The Food and Drug Administration (FDA) recently issued first-of-its kind draft guidance for investigational new drug (IND) applications involving psychedelic drugs. Citing the rise in interest in exploring the potential therapeutic benefits of psychedelic drugs, FDA indicated its receptiveness to allowing researchers to investigate exactly how useful psychedelics are at treating psychological disorders, such as depression, post-traumatic stress disorder (PTSD), substance abuse, anxiety, and other conditions. While the guidance is not geared toward trials intended to support marketing applications, the agency’s attention to this topic may herald a new wave of associated investigations.

The clinical investigation guidance covers potential trials to explore the medical applications of “classic psychedelic drugs,” such as lysergic acid diethylamide (LSD), psylocibin, and methylenedioxymethamphetamine (MDMA). Because the Drug Enforcement Administration (DEA) still classifies these as Schedule 1 controlled substances, FDA’s proposed guidance places particular emphasis on the need for trial designs that minimize the potential for abuse.

Due to the novelty of this area of research, the draft guidance does not provide specific recommendations on study design, but rather presents “foundational constructs” to be considered. FDA suggests (1) submitting detailed chemical data for the proposed drugs to ensure quality, purity, and strength; (2) following industry best practices for nonclinical trials; (3) exploring a set of specific questions and interactions in any clinical pharmacology testing; (4) closely evaluating potential vectors of abuse; and (5) considering the unique properties of psychedelics when designing clinical trials.

Interest in this field is growing among regulators and the research community.
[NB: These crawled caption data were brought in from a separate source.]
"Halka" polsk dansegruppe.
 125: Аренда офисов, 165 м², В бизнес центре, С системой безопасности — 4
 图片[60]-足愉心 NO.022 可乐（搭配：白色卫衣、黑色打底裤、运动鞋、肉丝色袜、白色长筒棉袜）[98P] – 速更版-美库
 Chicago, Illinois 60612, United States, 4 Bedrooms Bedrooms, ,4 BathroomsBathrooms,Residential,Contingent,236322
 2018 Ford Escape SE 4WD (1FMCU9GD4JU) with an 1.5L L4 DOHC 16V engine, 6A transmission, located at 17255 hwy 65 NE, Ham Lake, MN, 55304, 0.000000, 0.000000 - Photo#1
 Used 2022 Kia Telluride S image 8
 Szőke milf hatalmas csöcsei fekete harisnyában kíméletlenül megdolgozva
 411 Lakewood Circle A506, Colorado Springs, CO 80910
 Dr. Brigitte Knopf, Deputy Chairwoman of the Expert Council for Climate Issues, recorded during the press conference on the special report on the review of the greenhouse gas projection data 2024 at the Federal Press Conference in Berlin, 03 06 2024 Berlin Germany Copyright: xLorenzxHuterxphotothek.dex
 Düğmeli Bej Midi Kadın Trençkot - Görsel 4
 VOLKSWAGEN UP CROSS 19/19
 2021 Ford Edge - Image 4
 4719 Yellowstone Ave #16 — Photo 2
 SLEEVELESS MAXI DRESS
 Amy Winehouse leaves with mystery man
FDA’s draft guidance comes only days after bipartisan congressional lawmakers introduced a bill to direct FDA “to issue guidance on considerations for conducting clinical trials for psychedelic assisted therapy.” The draft guidance also came less than a month after another bipartisan bill proposed a $75 million federal grant program to research how active duty military servicemembers could benefit from psychedelics. The National Institutes of Health and National Institute on Drug Abuse have posted notices of funding opportunities for research projects exploring how psychedelics can treat drug addiction.

A small number of trials involving psychedelics are in advanced stages. The Multidisciplinary Association for Psychedelic Studies (MAPS) is currently overseeing a trial on MDMA-assisted psychotherapy’s potential to treat PTSD, with a goal of receiving final FDA approval as soon as 2024. In November 2022, COMPASS Pathfinder released results from their phase-two trials on psylocibin’s ability to treat depression. These studies could soon be joined by many others, with FDA’s draft guidance pushing psychedelics one step closer to pharmacological legitimacy.

FDA is inviting public comments on its draft guidance until August 25, 2023 (Docket No. FDA-2023-D-1987).